Gerryyyyyyyyyyyyy aiutaci tu!!!!!!!!!!!!!!

Ecco, io sono dispiaciuta per quegli immigrati che dovranno fare questo test. E pensate che per realizzare questo esame di ingegno macchiavellico-criminale hanno scomodato i signori dell’università di Siena e di Perugia, quella di Roma Tre e persino la Società Dante Alighieri…

Il povero Dante ne avrà dette tante in questo momento da essere stato trasferito momentaneamente in qualche girone, giù di sotto…

Dante sono con te!!

Ora vi chiederete…com’è un test Ielts?

Come spiegano su questo sito, la prova di scrittura (WRITING)è la sezione nella quale  la maggiorparte degli studenti ha difficoltà.
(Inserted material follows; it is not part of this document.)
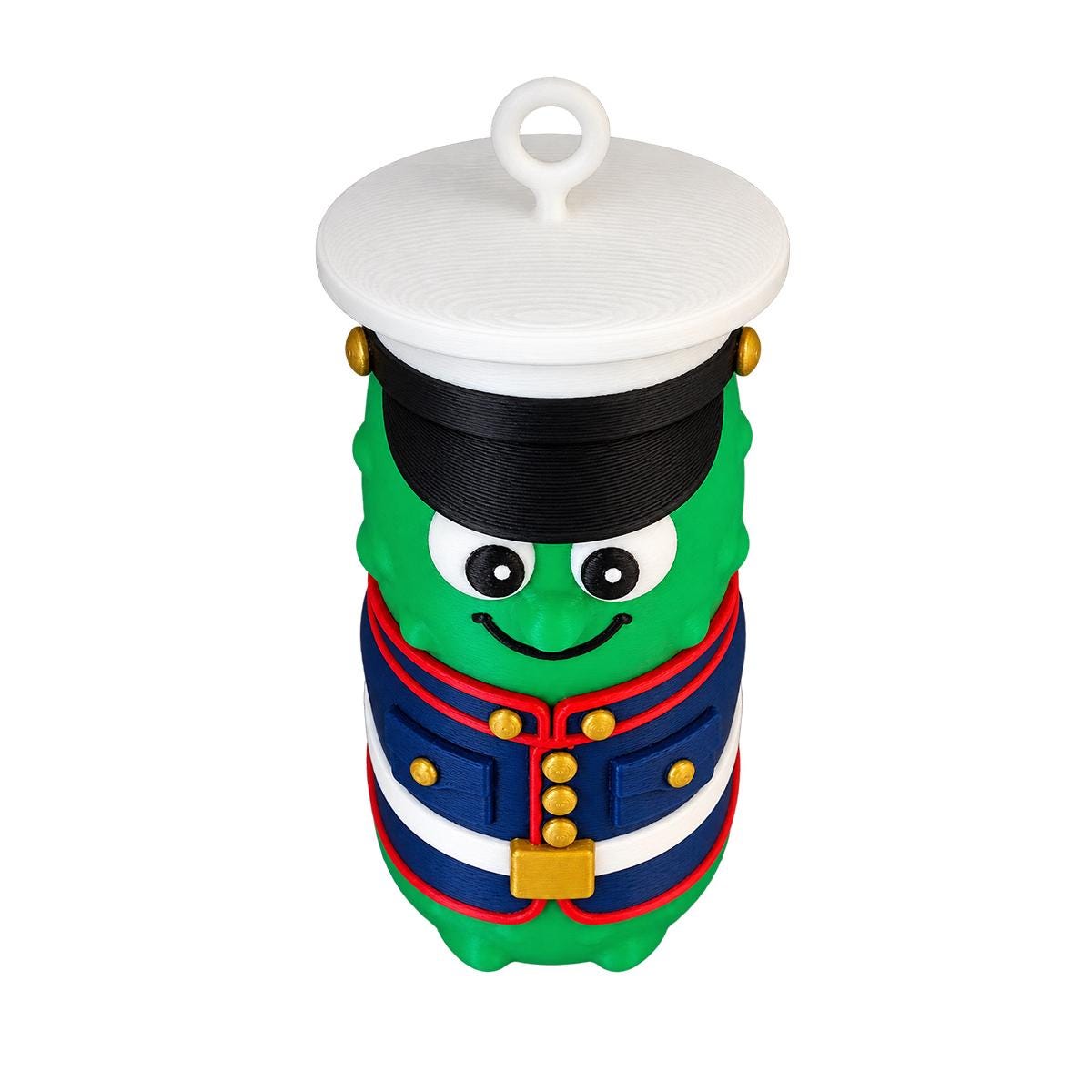 Gunnery Sgt. Gherkins Marine Pickle Ornament, additional listing photo 7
E’ un gran casino, in parole povere. Soprattutto per chi l’inglese lo sa a livello solo sufficiente.

Ci sono due prove, da 150 e 250 caratteri, rispettivamente. La prima è costituita da un grafico di vario genere/tabella/diagramma/mappa. La seconda parte invece è un “tema”, un essay, di carattere generale su temi di cultura e conoscenza generale.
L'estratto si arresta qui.